Task prompt – The range runs from the line containing "Okay, so we" through the last line of the material below; retype it exactly, leaving out the pictures.

═══ Collected material ═══

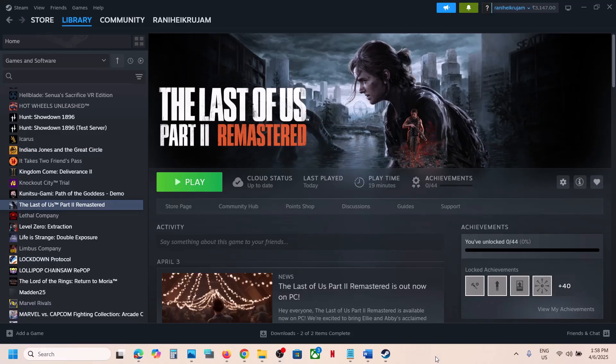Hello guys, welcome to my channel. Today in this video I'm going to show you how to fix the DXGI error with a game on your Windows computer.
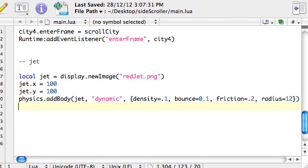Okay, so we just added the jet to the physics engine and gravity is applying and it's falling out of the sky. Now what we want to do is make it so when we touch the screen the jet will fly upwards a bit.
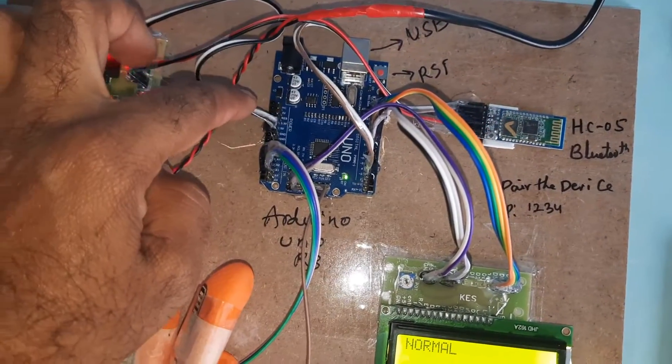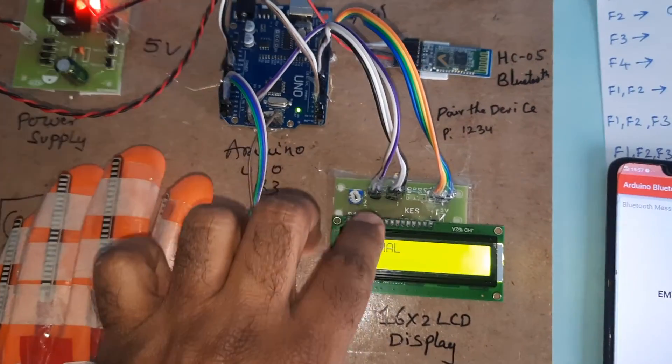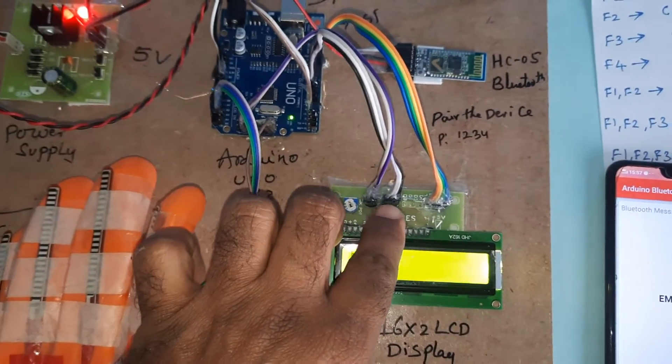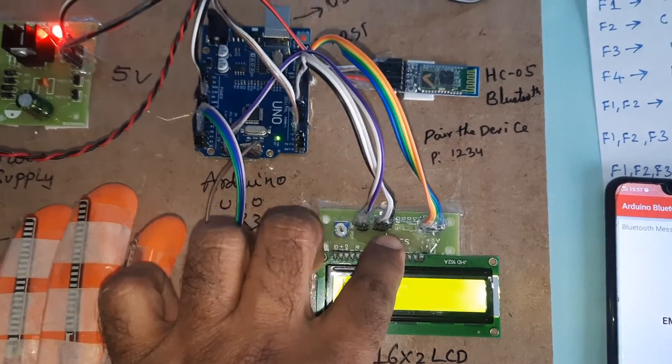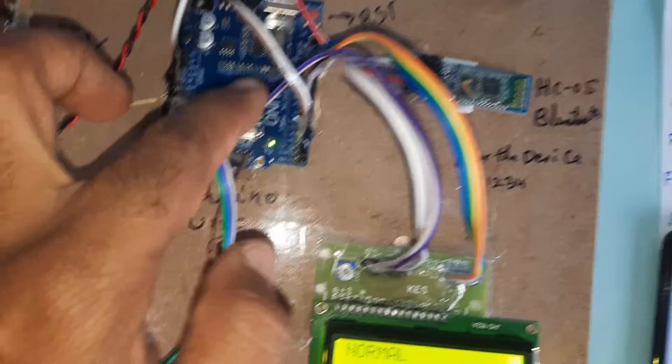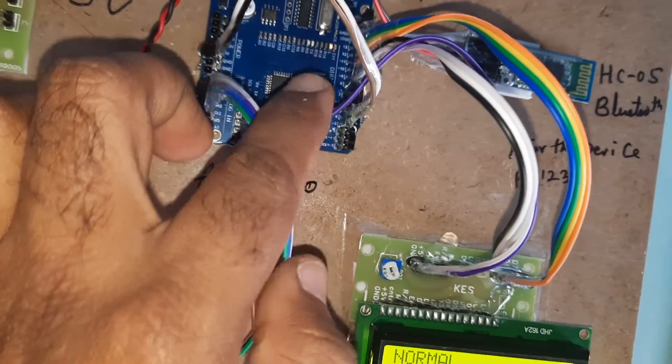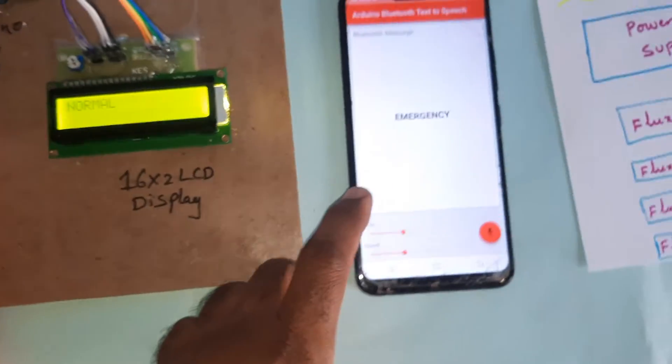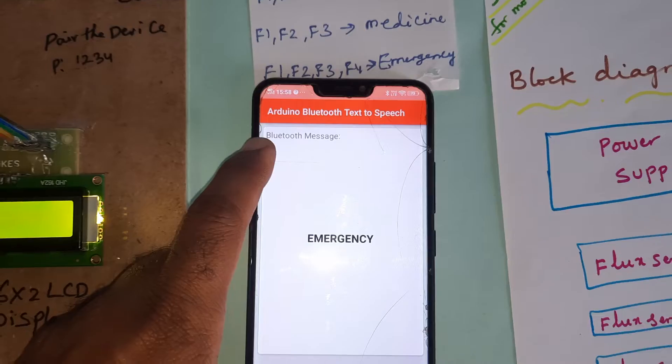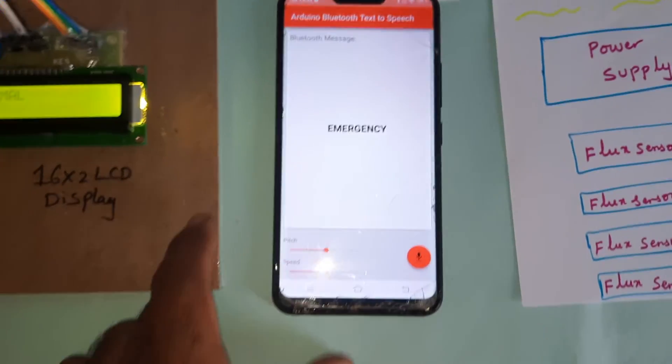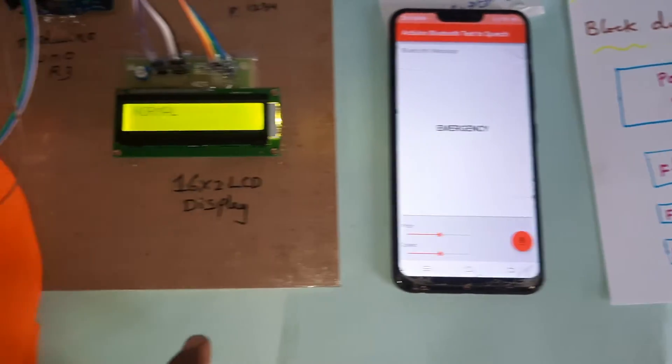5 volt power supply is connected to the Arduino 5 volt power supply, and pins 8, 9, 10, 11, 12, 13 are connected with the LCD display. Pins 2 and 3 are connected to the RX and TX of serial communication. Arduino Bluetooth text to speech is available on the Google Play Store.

═══

Task response –
Okay, so we just added the jet to the physics engine and gravity is applying and it's falling out of the sky. Now what we want to do is make it so when we touch the screen the jet will fly upwards a bit.
5 volt power supply is connected to the Arduino 5 volt power supply, and pins 8, 9, 10, 11, 12, 13 are connected with the LCD display. Pins 2 and 3 are connected to the RX and TX of serial communication. Arduino Bluetooth text to speech is available on the Google Play Store.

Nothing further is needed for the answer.